[Crawled caption data]

┌──

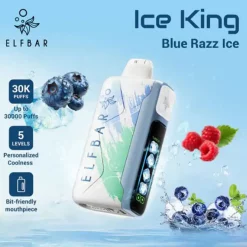 Wholesale Elf bar Ice King 30000 Puffs Disposable Vape Blue Razz Ice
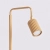 Lampa podłogowa aluminiowa złota wysoka 118cm z serii KARBON SL.2021 - Sollux Lighting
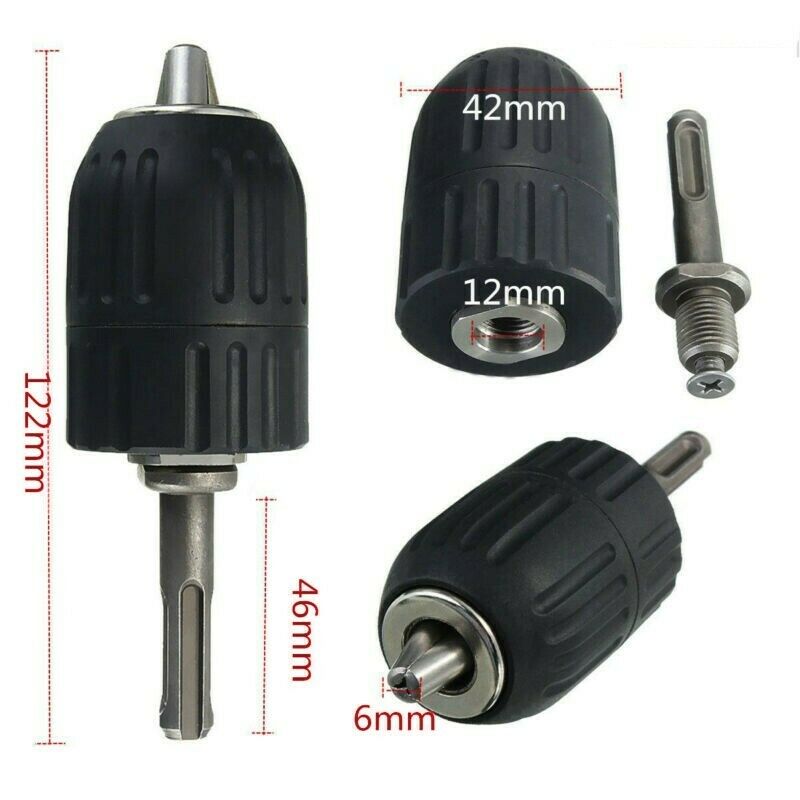 New Hand-Tight Chuck 2-13Mm 1/2-20Unf Threaded Drill Chuck Accessory Equipment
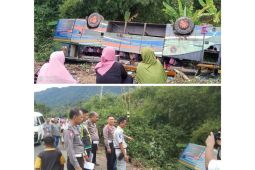 Bus carrying 23 passengers overturns in N Sumatra’s South Tapanuli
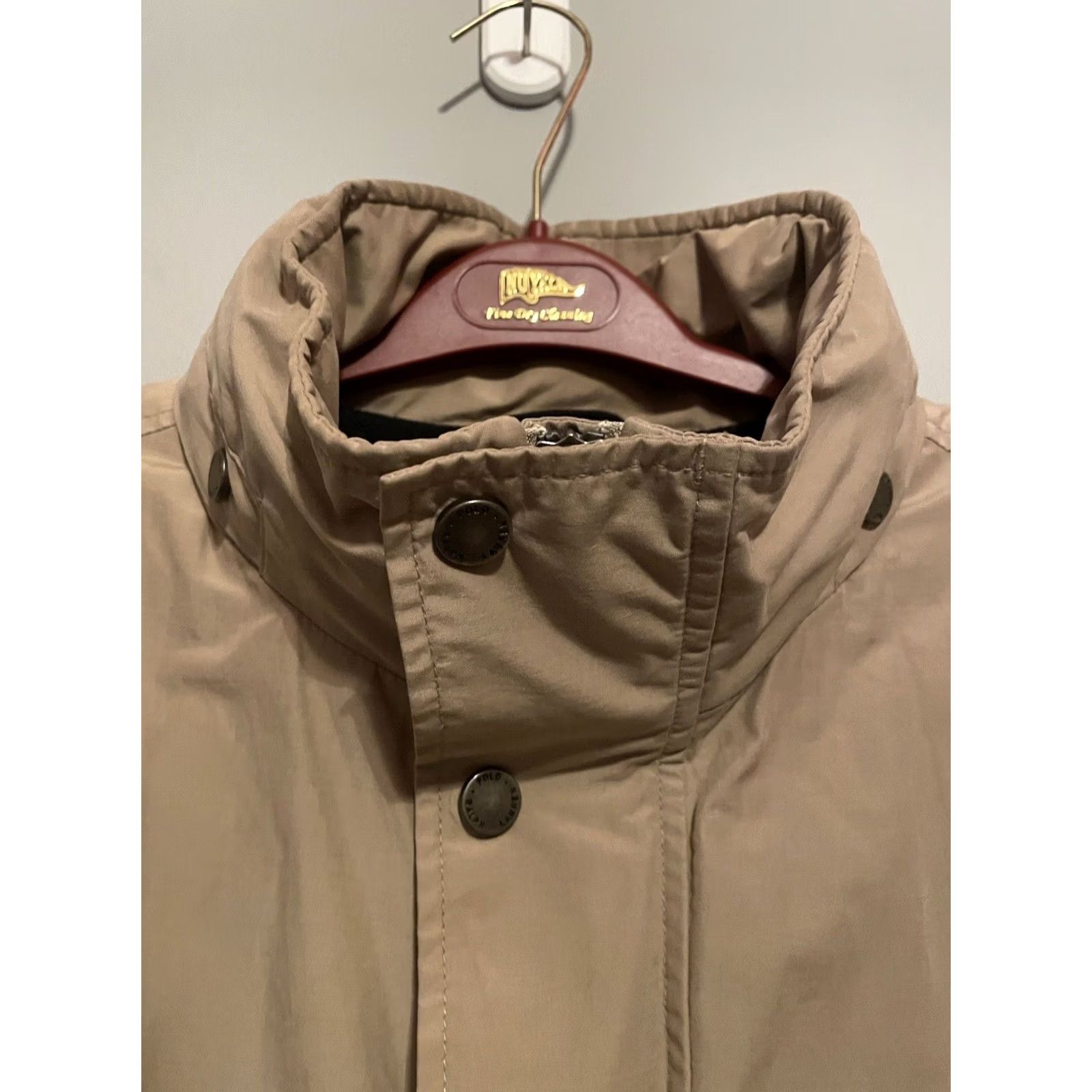 Polo Ralph Lauren VTG Polo Ralph Lauren Mens Jacket Hooded Full Zip Khaki Beige L Size US L / EU 52-54 / 3 - 2 Thumbnail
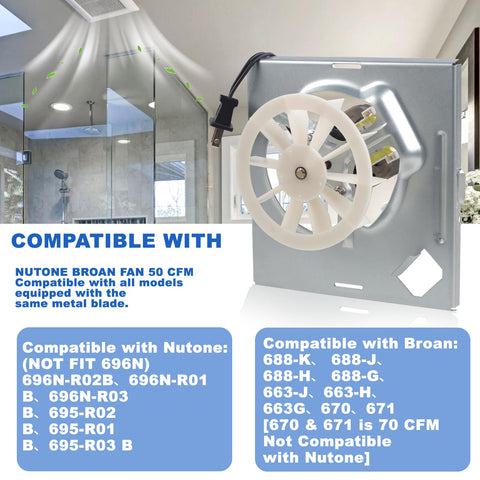 Front view of CONGKAILU S97012026 fan assembly showing compact design.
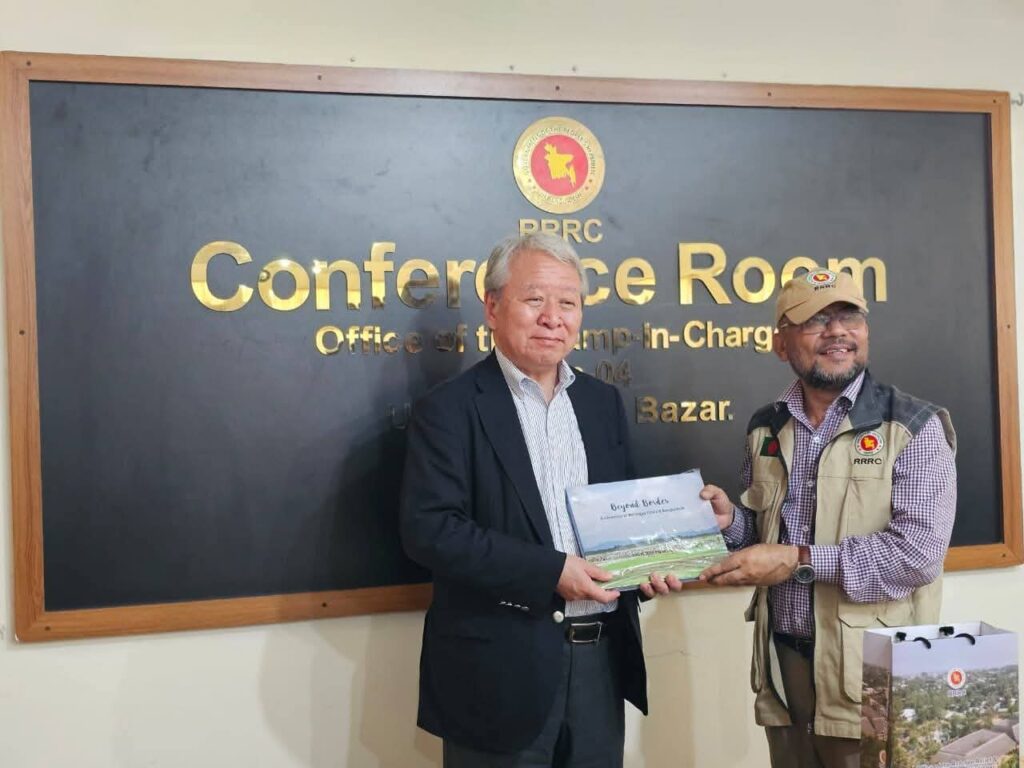 রোহিঙ্গা ক্যাম্প পরিদর্শনে জাইকার প্রেসিডেন্ট, মানবিক সহায়তা অব্যাহত রাখার আশ্বাস রোহিঙ্গা ক্যাম্প পরিদর্শনে জাইকার প্রেসিডেন্ট, মানবিক সহায়তা অব্যাহত রাখার আশ্বাস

└──

WHAT IS BEING ASKED: Give the lines again word for word, from the start of the records to the line holding "Bus carrying 23", both included, and leave out any picture.

REPLY:
 Wholesale Elf bar Ice King 30000 Puffs Disposable Vape Blue Razz Ice
 Lampa podłogowa aluminiowa złota wysoka 118cm z serii KARBON SL.2021 - Sollux Lighting
 New Hand-Tight Chuck 2-13Mm 1/2-20Unf Threaded Drill Chuck Accessory Equipment
 Bus carrying 23 passengers overturns in N Sumatra’s South Tapanuli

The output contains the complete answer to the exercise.